Image Source: The Financial Express
If you’re thinking about putting a lump sum into mutual funds for the next three years, it’s smart to look at funds that have actually delivered solid returns recently. Here are five funds that have stood out, especially for investors with a medium-term goal.
HDFC Infrastructure Fund
This one has been a real performer, showing a 3-year CAGR of about 35.8%. If you had invested ₹1 lakh three years ago, you’d be sitting on roughly ₹2.5 lakh now. The fund focuses on infrastructure companies, which have done well with all the new projects happening across India.
Nippon India Power & Infrastructure Fund
Almost matching the HDFC fund, this one has a 3-year CAGR of 35.6%. It invests in both power and infrastructure stocks, riding the wave of government spending and policy support.
Motilal Oswal Midcap Fund
With a 35.4% CAGR, this fund picks mid-sized companies that have room to grow.

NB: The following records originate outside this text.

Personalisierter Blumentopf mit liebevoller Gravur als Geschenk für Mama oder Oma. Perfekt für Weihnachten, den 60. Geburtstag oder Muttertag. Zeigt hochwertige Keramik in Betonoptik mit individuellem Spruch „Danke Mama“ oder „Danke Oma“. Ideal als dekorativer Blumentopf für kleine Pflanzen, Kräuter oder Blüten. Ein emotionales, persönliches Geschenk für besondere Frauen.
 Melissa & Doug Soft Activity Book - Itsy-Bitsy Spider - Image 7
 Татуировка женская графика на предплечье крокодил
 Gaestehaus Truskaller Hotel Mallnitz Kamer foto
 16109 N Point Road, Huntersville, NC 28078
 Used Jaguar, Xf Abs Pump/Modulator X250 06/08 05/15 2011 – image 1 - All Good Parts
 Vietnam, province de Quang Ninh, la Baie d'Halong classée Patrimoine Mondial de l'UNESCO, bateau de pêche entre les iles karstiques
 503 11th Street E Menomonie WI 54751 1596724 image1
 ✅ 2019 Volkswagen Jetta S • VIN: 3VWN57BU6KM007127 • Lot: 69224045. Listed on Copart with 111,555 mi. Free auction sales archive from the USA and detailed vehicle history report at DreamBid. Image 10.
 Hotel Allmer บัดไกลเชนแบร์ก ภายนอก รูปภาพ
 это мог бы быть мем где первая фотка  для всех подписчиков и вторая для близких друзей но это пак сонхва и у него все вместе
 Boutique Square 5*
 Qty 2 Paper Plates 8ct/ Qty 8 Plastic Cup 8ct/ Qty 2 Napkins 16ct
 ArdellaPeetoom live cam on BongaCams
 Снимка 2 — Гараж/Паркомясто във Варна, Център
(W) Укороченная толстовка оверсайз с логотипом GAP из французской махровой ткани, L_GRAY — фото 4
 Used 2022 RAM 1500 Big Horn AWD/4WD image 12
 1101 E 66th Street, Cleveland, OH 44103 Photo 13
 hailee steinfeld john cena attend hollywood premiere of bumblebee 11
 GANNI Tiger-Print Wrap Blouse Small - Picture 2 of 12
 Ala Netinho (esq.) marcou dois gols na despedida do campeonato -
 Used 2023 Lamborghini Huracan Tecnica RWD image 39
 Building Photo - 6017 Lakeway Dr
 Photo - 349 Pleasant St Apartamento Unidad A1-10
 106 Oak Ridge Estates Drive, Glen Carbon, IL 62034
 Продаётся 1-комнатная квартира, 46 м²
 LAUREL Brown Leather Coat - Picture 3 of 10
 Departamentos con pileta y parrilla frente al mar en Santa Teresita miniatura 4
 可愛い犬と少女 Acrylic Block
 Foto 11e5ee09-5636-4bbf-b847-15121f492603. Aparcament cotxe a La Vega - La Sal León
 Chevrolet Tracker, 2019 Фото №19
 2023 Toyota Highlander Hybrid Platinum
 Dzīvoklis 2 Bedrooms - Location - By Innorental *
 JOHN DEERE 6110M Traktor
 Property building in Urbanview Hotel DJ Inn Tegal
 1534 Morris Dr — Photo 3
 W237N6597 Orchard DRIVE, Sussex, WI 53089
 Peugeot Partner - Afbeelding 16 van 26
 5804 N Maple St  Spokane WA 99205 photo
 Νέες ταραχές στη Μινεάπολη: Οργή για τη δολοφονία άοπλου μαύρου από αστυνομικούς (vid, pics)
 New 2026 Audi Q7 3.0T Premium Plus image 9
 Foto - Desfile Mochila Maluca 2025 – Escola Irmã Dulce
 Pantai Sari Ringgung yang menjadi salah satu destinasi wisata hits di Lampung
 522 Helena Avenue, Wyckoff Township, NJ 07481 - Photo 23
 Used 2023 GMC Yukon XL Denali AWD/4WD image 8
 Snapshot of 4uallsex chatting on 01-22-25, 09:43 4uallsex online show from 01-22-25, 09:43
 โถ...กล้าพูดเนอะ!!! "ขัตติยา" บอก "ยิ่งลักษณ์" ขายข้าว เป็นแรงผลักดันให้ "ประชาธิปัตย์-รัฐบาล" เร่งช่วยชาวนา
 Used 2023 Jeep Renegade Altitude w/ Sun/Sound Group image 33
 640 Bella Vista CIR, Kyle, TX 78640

It’s a good option if you want something that balances growth with a bit less risk than small-caps.
Bandhan Small Cap Fund
This fund’s 3-year CAGR is 35.2%. It’s focused on small-cap stocks, so it’s a bit more volatile, but the growth potential is high if you’re comfortable with some ups and downs.
ICICI Prudential Infrastructure Fund
Rounding out the list, this one has a 34.9% CAGR. Like the others, it’s benefited from the infrastructure boom and has rewarded patient investors.
These funds have done well recently, but always think about your own risk tolerance and financial goals before investing.